# [YOUR GOAL]
Could you repeat the listing exactly, leaving out the pictures?

# [DATA RECORDS]
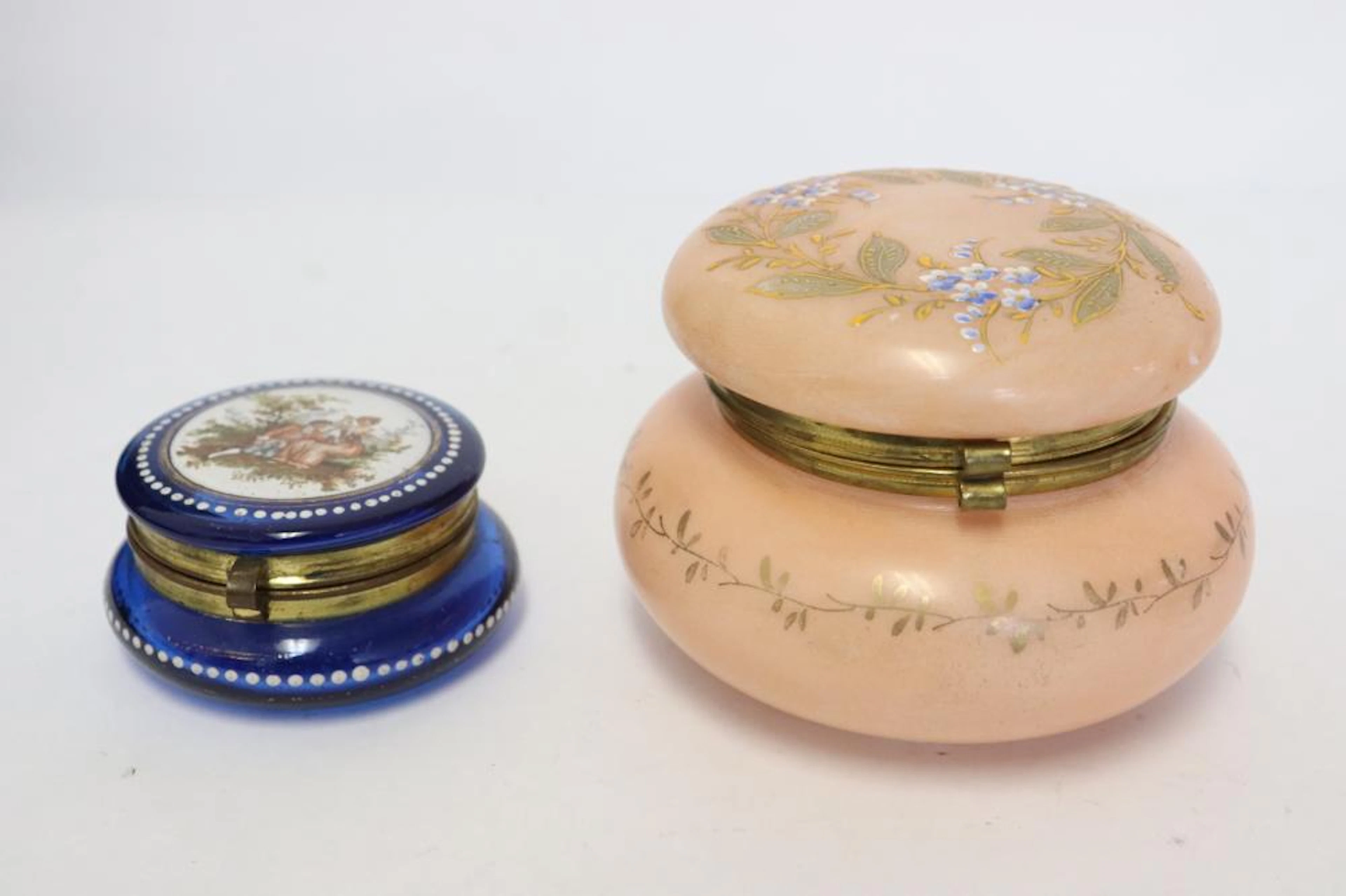 2 vintage powder jars
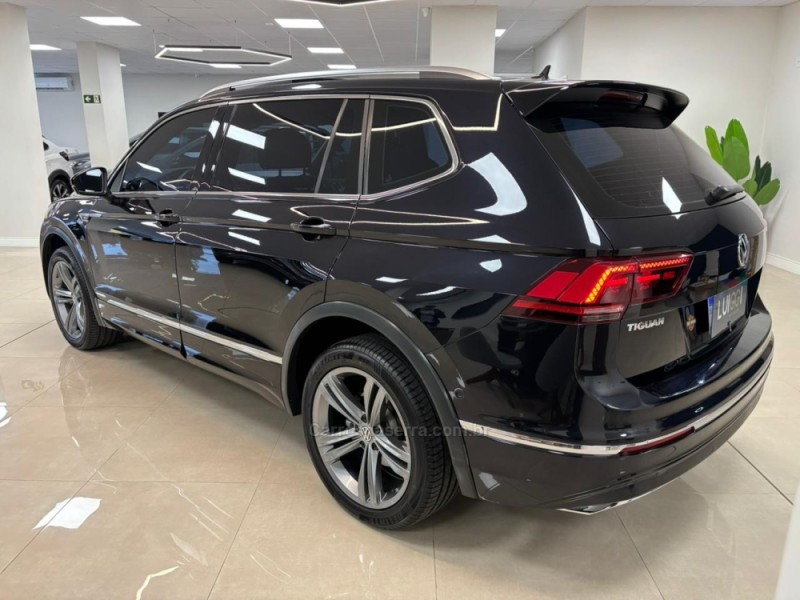 TIGUAN 2.0 ALLSPACE R-LINE 350 TSI 4X4 GASOLINA 4P - 2020 - CARLOS BARBOSA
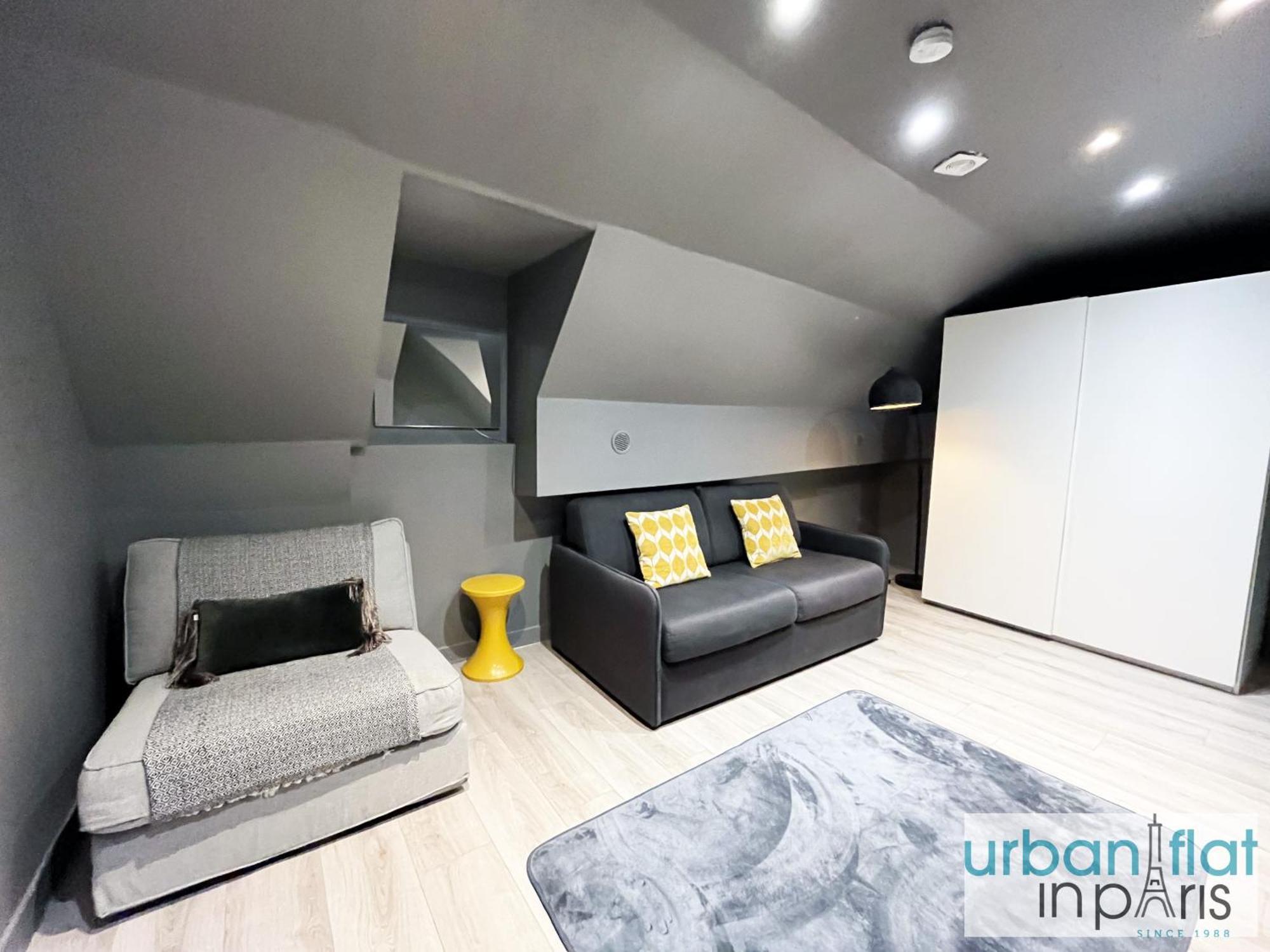 05 - Parisian Design Loft Apartment
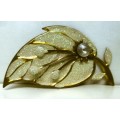 Vintage soft metal gold colored Leaf Brooch with glitter. 60 mm long.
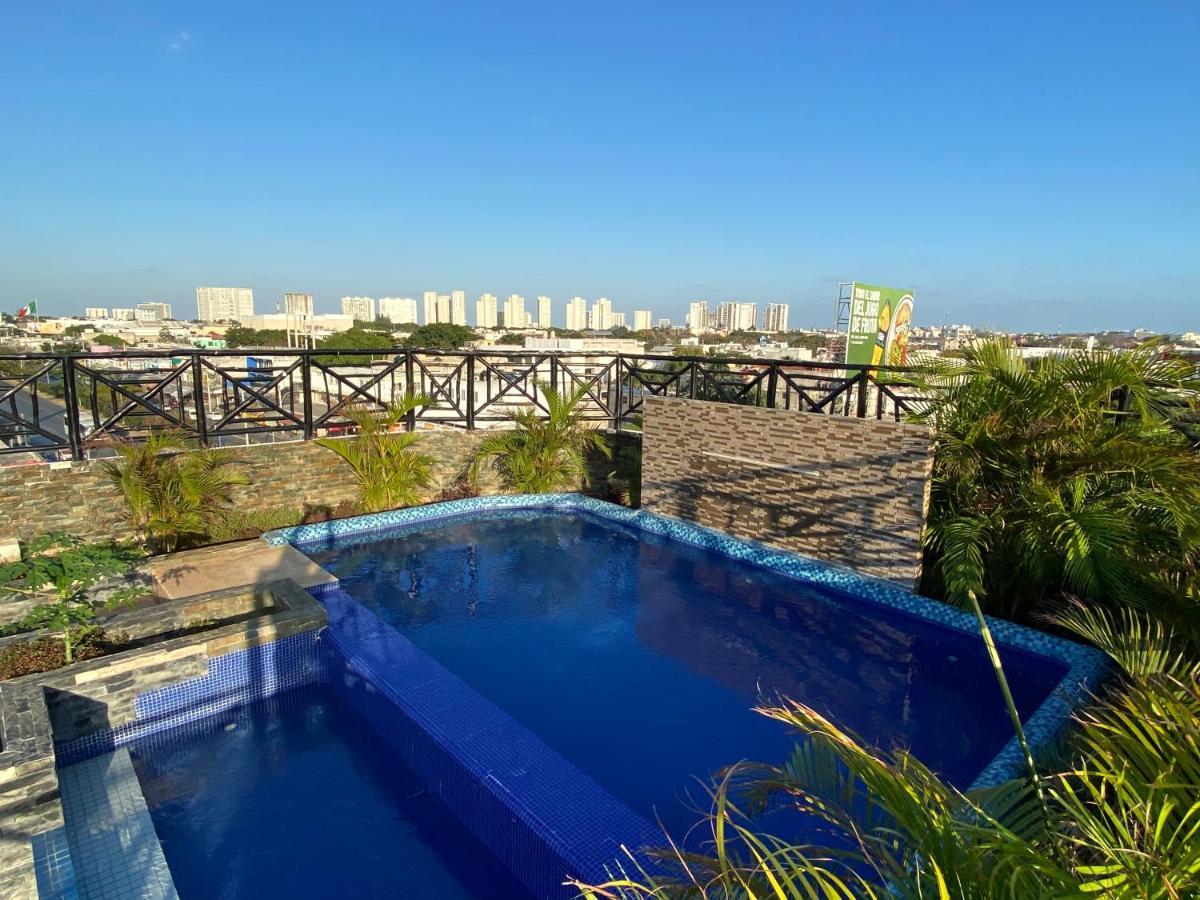 Hotel Suites La Roca Cancun Exterior photo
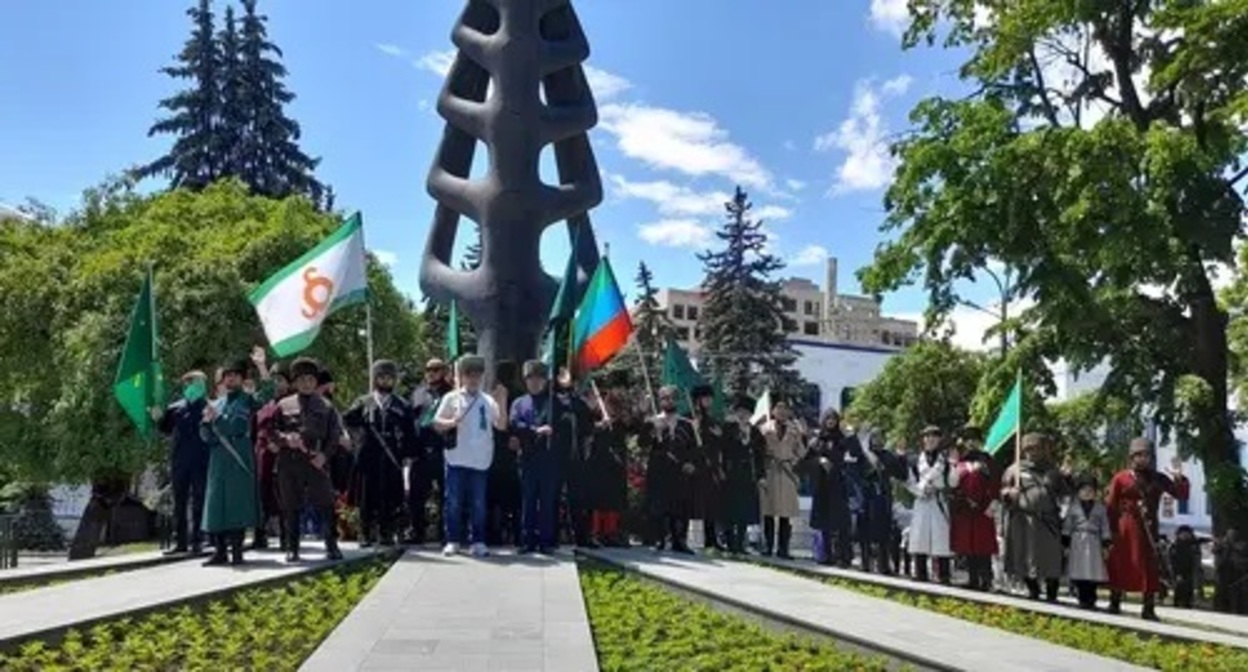 Participants in the events on Adygs' Memory Day held at the "Tree of Life" monument in Nalchik on May 21, 2022. Photo by Lyudmila Maratova for the "Caucasian Knot" Participants in the events on Adygs' Memory Day held at the "Tree of Life" monument in Nalchik on May 21, 2022. Photo by Lyudmila Maratova for the "Caucasian Knot"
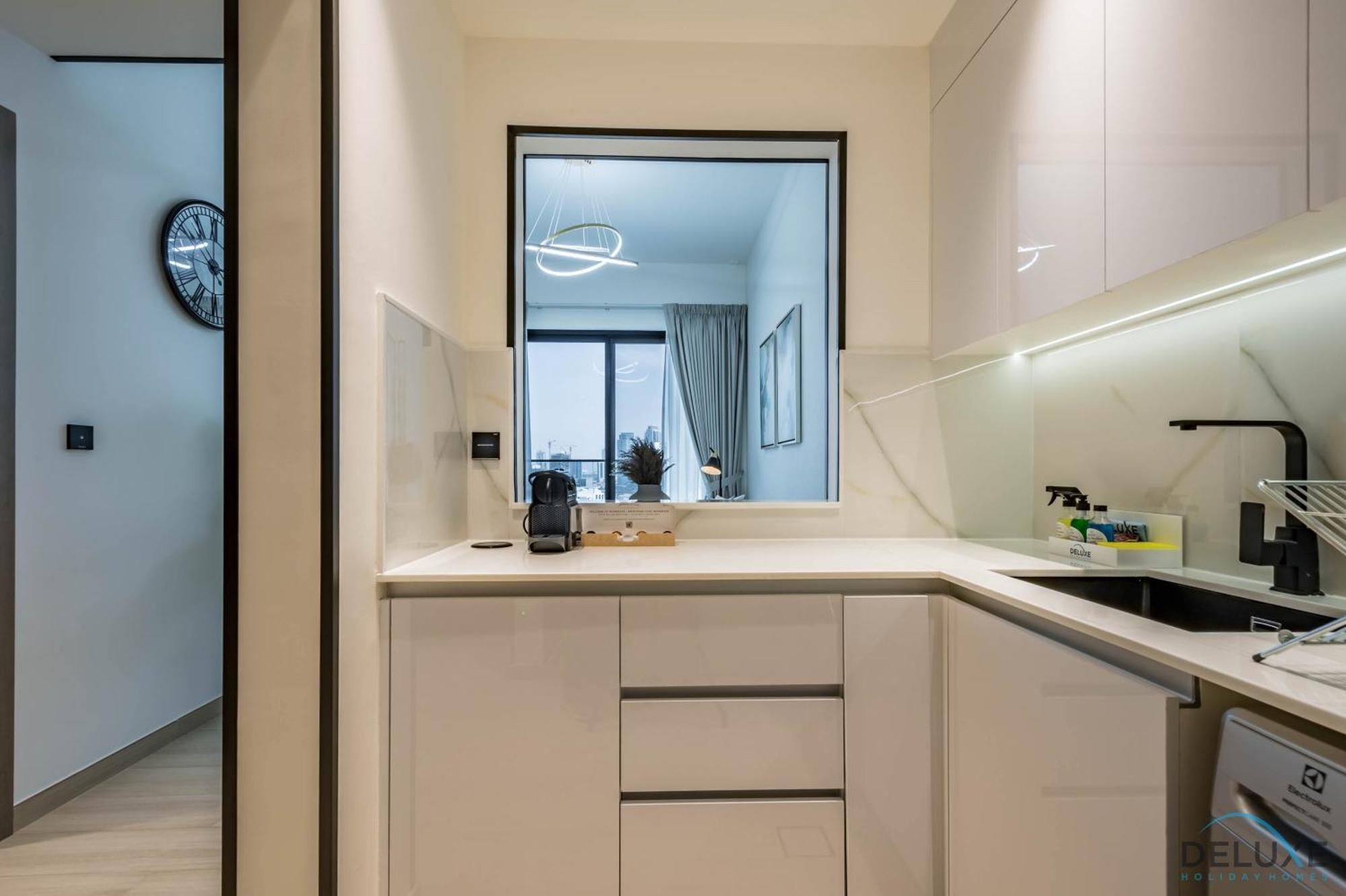 Beautiful 1br At Binghatti Heights, Jvc By Deluxe Homes Apartment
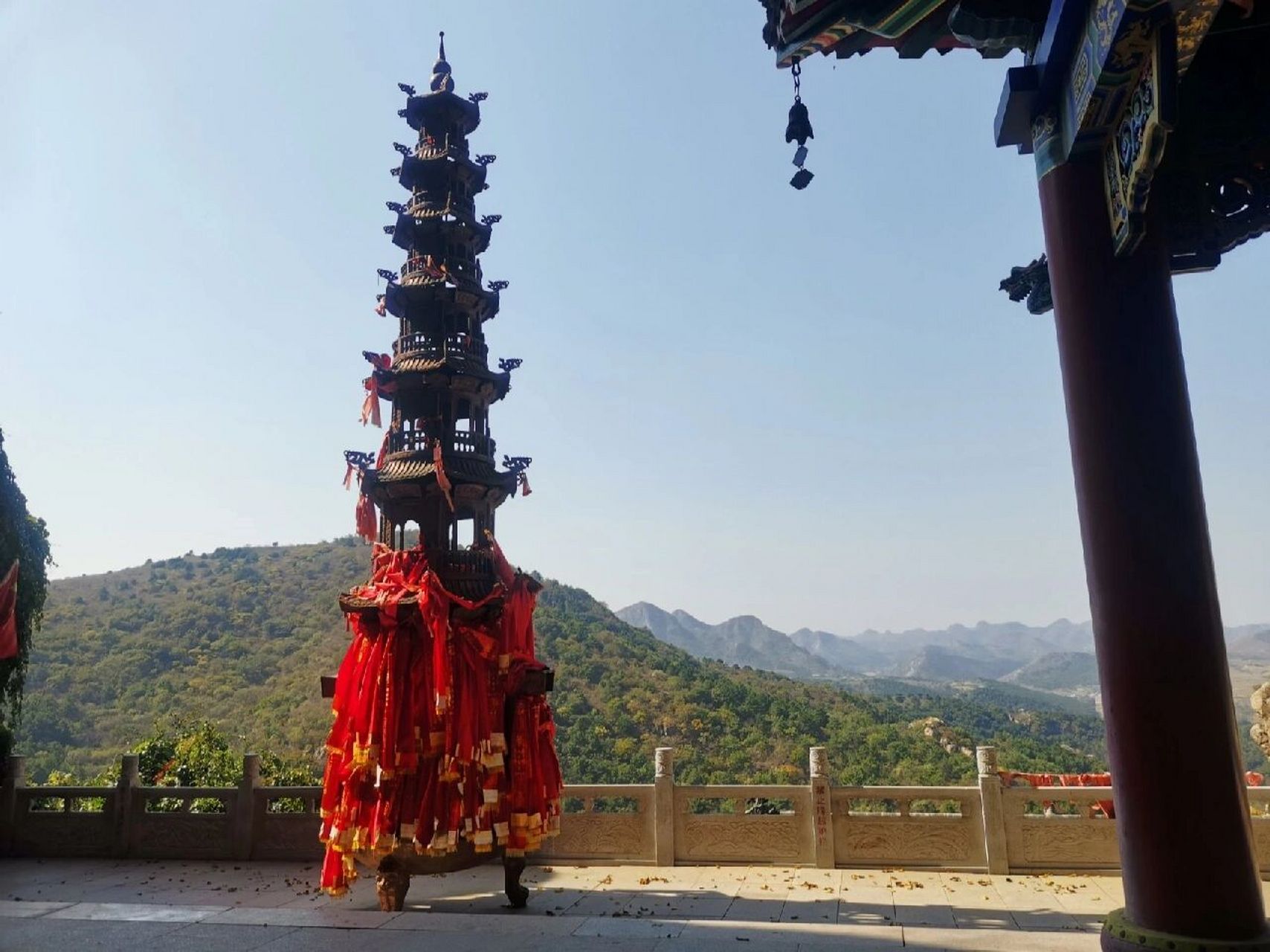 葫芦岛灵山寺   说是寺庙,其实里面供的都是道教的仙师,佛道也有共同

# [PROBLEM SOLUTION]
 2 vintage powder jars
 TIGUAN 2.0 ALLSPACE R-LINE 350 TSI 4X4 GASOLINA 4P - 2020 - CARLOS BARBOSA
 05 - Parisian Design Loft Apartment
 Vintage soft metal gold colored Leaf Brooch with glitter. 60 mm long.
 Hotel Suites La Roca Cancun Exterior photo
 Participants in the events on Adygs' Memory Day held at the "Tree of Life" monument in Nalchik on May 21, 2022. Photo by Lyudmila Maratova for the "Caucasian Knot" Participants in the events on Adygs' Memory Day held at the "Tree of Life" monument in Nalchik on May 21, 2022. Photo by Lyudmila Maratova for the "Caucasian Knot"
 Beautiful 1br At Binghatti Heights, Jvc By Deluxe Homes Apartment
 葫芦岛灵山寺   说是寺庙,其实里面供的都是道教的仙师,佛道也有共同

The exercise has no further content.